- Opening Delimiter -

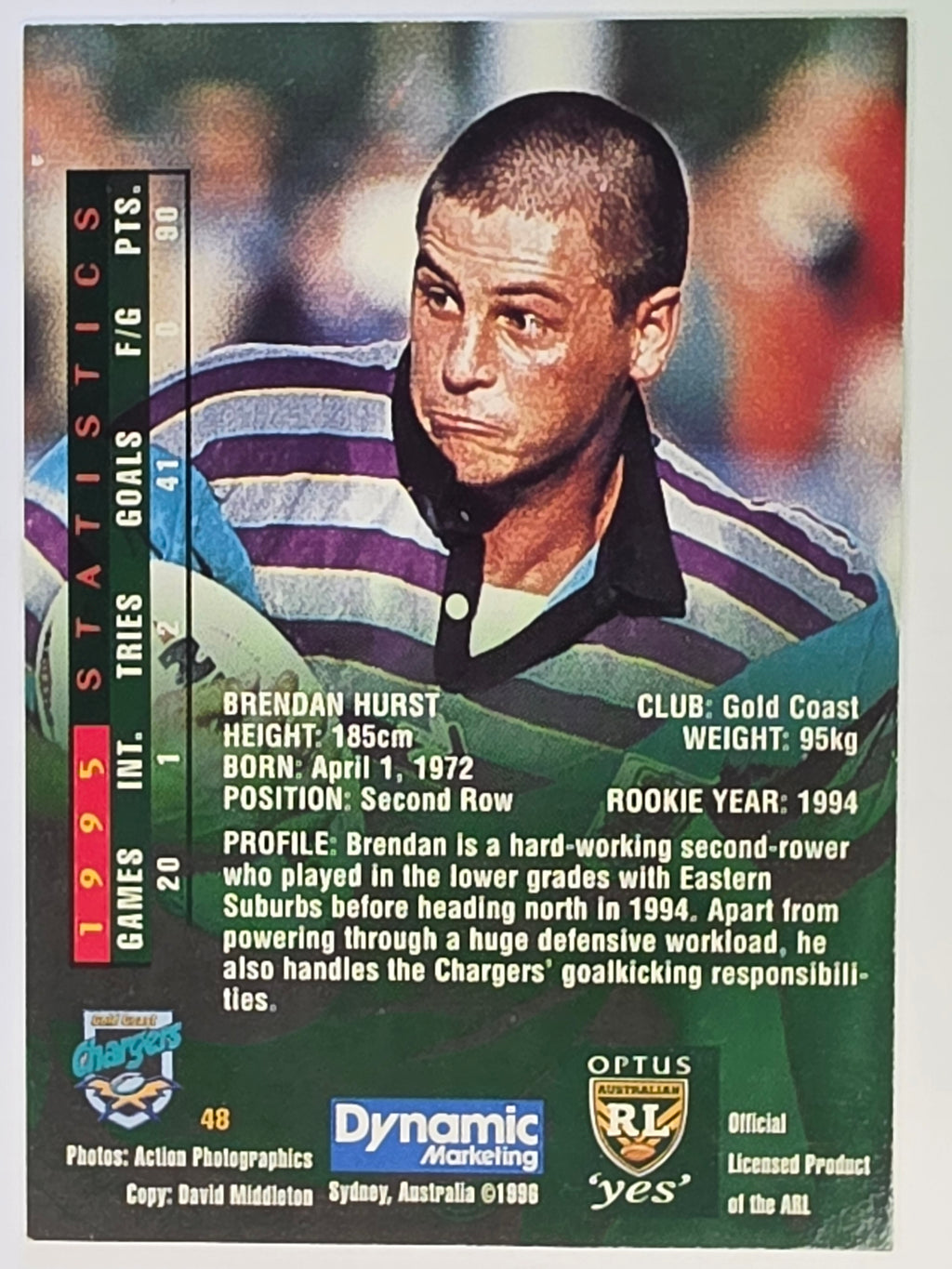 NRL 1996 Dynamic Series 2 Base Card #048 Brendan Hurst Gold Coast Chargers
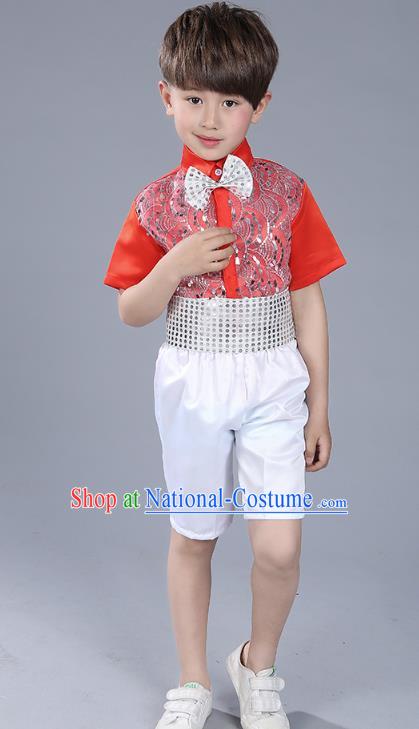 Top Grade Boys Chorus Sequins Costumes Children Compere Modern Dance Red Clothing for Kids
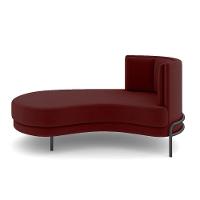 Sofá Chaise Lado Esquerdo Downey Sala De Estar Veludo Vermelho G15 - Gran Belo - 8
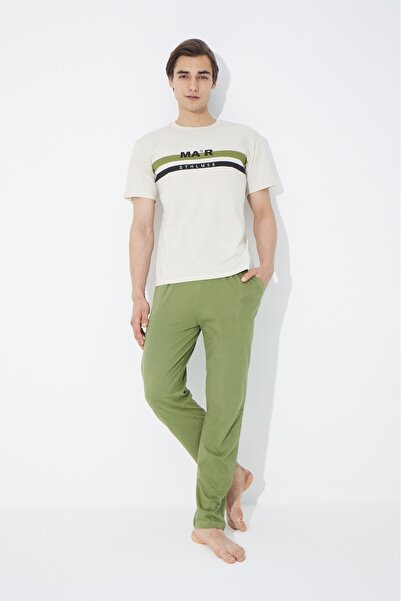 Ayans Pijama Σετ ανδρικών πιτζάμες 100% βαμβακερές χτενισμένες τσέπες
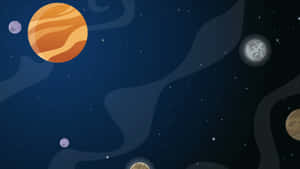 風格化的行星和衛星在繁星點點的深藍色太空中漂浮。 — 太空美學動圖 壁紙
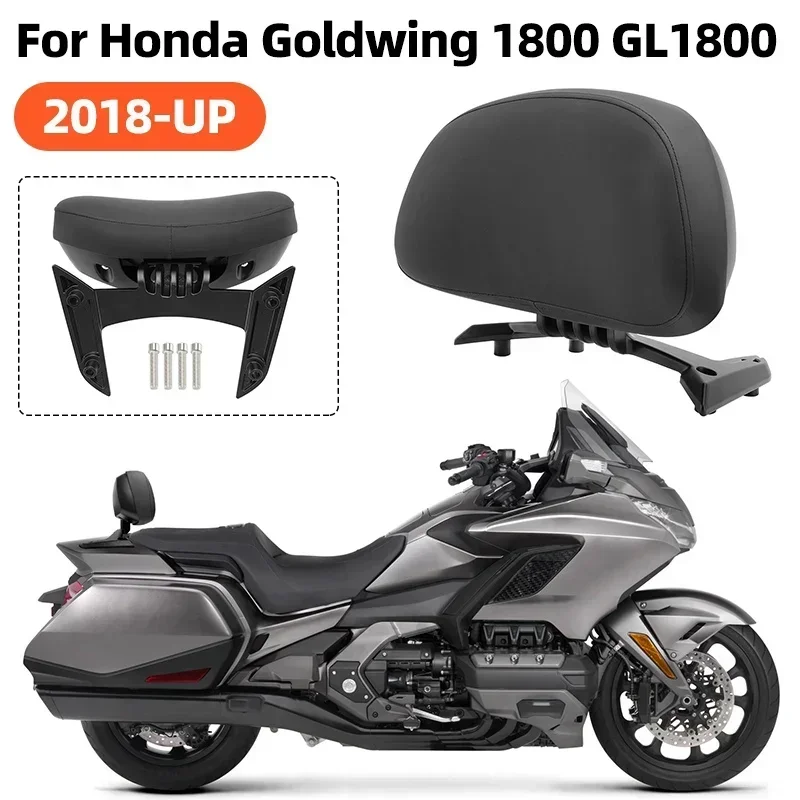 Motorcycle Accessories Black Rear Passenger Backrest Pad PU Leather Fit For Honda Gold Wing 1800 GL1800 2018-2024 2023 2022 2021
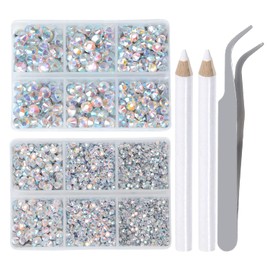 LPBeads 6400 Pieces Hotfix Rhinestones Crystal AB Flat Back 5 Mixed Sizes Crystal Round Glass Gems with Tweezers and Picking Rhinestones Pen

- Closing Delimiter -

▸ WHAT TO PRODUCE
Your copy should hold exactly the lines from the one that contains "Sofá Chaise Lado" through the final line of the data, both ends included, and no pictures.

▸ EXERCISE ANSWER
 Sofá Chaise Lado Esquerdo Downey Sala De Estar Veludo Vermelho G15 - Gran Belo - 8
 Ayans Pijama Σετ ανδρικών πιτζάμες 100% βαμβακερές χτενισμένες τσέπες
 風格化的行星和衛星在繁星點點的深藍色太空中漂浮。 — 太空美學動圖 壁紙
 Motorcycle Accessories Black Rear Passenger Backrest Pad PU Leather Fit For Honda Gold Wing 1800 GL1800 2018-2024 2023 2022 2021
 LPBeads 6400 Pieces Hotfix Rhinestones Crystal AB Flat Back 5 Mixed Sizes Crystal Round Glass Gems with Tweezers and Picking Rhinestones Pen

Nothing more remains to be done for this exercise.